If he continues his "I am fine" routine to the new psychiatrist, and the psych doesn't see through it, I don't know what will happen. And since we are separated right now, I seriously doubt he will allow me to participate in his treatment. But, it won't hurt to ask........
As far as the outcome I am hoping for.........of course I want it ALL!!
I want him stabilized and back in our life (mine and the kids). I know that may lead to more of the same later on, but I do love him and with the proper tools (the right meds, counseling, support groups, knowledge) I think we could keep it together. We have been married for 13 years!!! That is a huge investment to just let go.
It's a lot to consider.........One step at a time! I am anxious to see what Tuesday brings.

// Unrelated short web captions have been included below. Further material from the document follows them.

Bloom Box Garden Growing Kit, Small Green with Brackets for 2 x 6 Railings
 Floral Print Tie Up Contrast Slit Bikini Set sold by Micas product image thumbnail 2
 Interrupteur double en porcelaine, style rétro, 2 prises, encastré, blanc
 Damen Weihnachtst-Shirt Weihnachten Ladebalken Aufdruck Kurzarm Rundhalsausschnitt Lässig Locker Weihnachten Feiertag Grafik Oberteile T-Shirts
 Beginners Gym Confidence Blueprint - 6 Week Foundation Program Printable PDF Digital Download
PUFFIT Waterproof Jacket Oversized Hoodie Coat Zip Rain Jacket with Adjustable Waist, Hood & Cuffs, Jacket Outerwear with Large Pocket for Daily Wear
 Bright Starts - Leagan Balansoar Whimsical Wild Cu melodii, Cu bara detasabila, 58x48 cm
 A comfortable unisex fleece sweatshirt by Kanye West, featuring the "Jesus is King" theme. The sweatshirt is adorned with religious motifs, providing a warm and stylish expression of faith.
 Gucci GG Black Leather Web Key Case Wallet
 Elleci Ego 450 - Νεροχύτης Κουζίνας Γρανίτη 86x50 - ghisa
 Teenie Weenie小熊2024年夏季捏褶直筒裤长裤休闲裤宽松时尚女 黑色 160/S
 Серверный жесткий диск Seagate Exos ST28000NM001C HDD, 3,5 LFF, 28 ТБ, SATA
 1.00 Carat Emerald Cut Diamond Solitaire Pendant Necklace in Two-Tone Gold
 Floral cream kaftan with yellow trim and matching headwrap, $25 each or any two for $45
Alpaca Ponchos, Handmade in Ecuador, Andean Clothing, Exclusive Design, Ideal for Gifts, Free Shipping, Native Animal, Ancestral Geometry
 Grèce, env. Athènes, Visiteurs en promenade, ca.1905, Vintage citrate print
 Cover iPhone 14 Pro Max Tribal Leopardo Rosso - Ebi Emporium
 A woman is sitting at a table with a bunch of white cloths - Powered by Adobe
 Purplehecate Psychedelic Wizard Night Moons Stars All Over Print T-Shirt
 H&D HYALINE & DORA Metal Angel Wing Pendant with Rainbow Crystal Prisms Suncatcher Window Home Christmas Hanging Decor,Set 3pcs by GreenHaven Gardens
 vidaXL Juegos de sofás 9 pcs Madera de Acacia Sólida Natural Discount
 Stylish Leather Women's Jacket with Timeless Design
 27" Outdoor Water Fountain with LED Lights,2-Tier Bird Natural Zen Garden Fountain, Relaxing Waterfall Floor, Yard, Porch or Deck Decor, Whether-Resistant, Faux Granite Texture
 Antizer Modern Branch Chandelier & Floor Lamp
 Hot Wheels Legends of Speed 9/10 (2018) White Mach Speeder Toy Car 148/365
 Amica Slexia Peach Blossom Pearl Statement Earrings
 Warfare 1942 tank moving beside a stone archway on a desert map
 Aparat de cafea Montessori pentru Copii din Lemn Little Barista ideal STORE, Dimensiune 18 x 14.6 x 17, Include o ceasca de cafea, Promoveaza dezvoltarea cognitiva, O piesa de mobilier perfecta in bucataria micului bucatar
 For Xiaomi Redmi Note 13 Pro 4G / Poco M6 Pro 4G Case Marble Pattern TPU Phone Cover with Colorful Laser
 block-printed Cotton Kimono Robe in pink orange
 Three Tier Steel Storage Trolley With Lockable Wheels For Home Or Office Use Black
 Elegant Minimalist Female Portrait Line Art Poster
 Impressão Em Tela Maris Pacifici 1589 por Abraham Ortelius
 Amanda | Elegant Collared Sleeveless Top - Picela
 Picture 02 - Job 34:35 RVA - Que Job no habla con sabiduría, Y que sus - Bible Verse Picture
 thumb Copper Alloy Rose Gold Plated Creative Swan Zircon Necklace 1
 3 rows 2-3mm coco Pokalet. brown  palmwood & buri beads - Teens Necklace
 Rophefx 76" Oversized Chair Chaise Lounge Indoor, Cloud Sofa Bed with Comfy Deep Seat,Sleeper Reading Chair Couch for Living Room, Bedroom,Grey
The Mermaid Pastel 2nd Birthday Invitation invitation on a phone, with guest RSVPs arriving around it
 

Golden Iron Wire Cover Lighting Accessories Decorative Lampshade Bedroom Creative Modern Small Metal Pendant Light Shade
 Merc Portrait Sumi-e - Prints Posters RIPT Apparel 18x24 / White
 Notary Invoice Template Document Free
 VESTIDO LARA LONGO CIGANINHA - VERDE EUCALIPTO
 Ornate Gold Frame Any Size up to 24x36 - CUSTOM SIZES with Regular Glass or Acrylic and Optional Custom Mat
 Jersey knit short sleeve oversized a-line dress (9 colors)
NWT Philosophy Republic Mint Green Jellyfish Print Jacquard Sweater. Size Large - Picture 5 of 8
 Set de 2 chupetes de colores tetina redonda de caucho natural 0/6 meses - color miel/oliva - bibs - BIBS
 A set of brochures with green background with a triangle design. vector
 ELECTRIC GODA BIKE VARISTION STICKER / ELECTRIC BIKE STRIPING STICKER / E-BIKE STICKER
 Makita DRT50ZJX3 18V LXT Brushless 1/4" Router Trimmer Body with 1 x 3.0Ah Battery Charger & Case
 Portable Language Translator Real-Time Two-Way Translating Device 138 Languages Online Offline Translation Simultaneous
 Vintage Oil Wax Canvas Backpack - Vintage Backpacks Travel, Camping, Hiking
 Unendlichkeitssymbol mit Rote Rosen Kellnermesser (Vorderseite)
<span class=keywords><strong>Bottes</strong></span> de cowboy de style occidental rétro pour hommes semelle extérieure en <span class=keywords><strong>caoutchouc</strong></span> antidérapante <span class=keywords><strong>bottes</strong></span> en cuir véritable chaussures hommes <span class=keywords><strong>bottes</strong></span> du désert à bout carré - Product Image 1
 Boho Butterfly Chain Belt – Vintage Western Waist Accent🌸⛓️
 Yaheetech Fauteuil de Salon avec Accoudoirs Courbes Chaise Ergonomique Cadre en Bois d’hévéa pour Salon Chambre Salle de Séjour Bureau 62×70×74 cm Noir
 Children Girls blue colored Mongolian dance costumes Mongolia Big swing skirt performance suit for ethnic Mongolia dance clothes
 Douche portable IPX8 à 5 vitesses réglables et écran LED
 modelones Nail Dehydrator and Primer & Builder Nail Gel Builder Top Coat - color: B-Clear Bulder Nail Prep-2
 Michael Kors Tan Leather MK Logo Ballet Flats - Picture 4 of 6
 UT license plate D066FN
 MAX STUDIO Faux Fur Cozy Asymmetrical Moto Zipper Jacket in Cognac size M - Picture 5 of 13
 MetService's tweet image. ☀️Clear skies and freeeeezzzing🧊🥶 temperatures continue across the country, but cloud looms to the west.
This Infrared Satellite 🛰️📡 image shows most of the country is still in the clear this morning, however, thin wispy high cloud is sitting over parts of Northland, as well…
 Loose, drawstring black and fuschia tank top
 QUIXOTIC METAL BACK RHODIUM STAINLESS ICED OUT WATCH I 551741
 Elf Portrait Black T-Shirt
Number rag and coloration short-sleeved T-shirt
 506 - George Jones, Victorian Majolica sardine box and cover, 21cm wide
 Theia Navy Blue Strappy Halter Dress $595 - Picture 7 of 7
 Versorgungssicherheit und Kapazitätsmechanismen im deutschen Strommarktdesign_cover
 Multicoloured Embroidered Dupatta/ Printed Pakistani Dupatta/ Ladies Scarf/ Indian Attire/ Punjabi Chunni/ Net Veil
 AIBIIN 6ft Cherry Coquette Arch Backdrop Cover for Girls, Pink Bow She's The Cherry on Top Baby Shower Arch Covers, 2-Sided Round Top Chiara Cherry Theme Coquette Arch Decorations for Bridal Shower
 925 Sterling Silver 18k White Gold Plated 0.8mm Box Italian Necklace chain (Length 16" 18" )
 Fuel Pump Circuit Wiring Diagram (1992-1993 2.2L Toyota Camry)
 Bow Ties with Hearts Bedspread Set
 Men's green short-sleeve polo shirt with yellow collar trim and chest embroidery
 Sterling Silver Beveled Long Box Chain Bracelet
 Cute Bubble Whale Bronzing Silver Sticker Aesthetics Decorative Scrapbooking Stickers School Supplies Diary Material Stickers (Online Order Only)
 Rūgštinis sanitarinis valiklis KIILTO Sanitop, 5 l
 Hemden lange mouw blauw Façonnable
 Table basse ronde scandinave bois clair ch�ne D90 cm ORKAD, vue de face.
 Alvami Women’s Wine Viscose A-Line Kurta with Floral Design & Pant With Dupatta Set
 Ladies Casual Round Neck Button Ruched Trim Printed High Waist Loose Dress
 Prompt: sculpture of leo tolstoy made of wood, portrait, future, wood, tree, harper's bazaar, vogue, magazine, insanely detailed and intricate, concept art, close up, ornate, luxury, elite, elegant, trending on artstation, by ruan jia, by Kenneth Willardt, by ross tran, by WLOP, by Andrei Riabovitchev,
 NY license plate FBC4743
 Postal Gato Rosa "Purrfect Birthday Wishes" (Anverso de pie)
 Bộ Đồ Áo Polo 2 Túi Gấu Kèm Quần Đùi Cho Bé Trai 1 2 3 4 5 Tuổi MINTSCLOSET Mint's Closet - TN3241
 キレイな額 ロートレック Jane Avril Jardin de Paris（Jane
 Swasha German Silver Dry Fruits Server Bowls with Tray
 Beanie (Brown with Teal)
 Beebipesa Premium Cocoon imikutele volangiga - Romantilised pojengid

Just remember, he has to "want" it also. I had to hit rock bottom to realize i had issues. LOL and i really "want" to be better. However i ask if i am doing better, and take critisim lightly when i fall short. However my wife is learning that i wont "get over this" and that all i can do is my best and hope for the best.
It will take two to face this, and if he isnt on board, than there is little or no hope for your marriage. The ball is in his court, he has to want it, and in the absence of that than you have to protect yourself and kids first.
Hope this helps. Good luck. Bill
I am so sorry for this new turn your relationship has taken. I really don't know what to say. With my wife and I we have always held fast & agreed that there are 2 dealbreakers in our relationship. Cheating & substance abuse. With him being in the state he is in, & what you are saying, he is using the fact that you guys are seperated to justify his behavior. I haven't been in this particular situation, but close. Last year my wife had it in her head that I was cheating on her. She had it so much in her head that she had an online "affair" with an old friend. Nothing really major, just some pretty raw talking back and forth, & sending him some pictures (from the neck down) of her in tight T-shirts. That is all that really materialized from it, but if he wasn't 60 miles away, who knows what would have happened. She didn't really cross the line, but she sure was on it. She knows she was wrong & has very little contact with him now, as he knows she got caught & she knows I don't approve of their frindship. I'm not going to tell her who her friends can be, but at the same time, she has realized how she would have felt if things were reversed. Anyway, my point was, for the longest time she justified this by saying that she thought I was cheating on her(I wasn't). You know what your situation is better than anyone else, but If he gets by with this, then it will happen again. I wish nothing but the best for you and your kids in dealing with all this & you have some really tough choices ahead of you. Just remember that we are always here.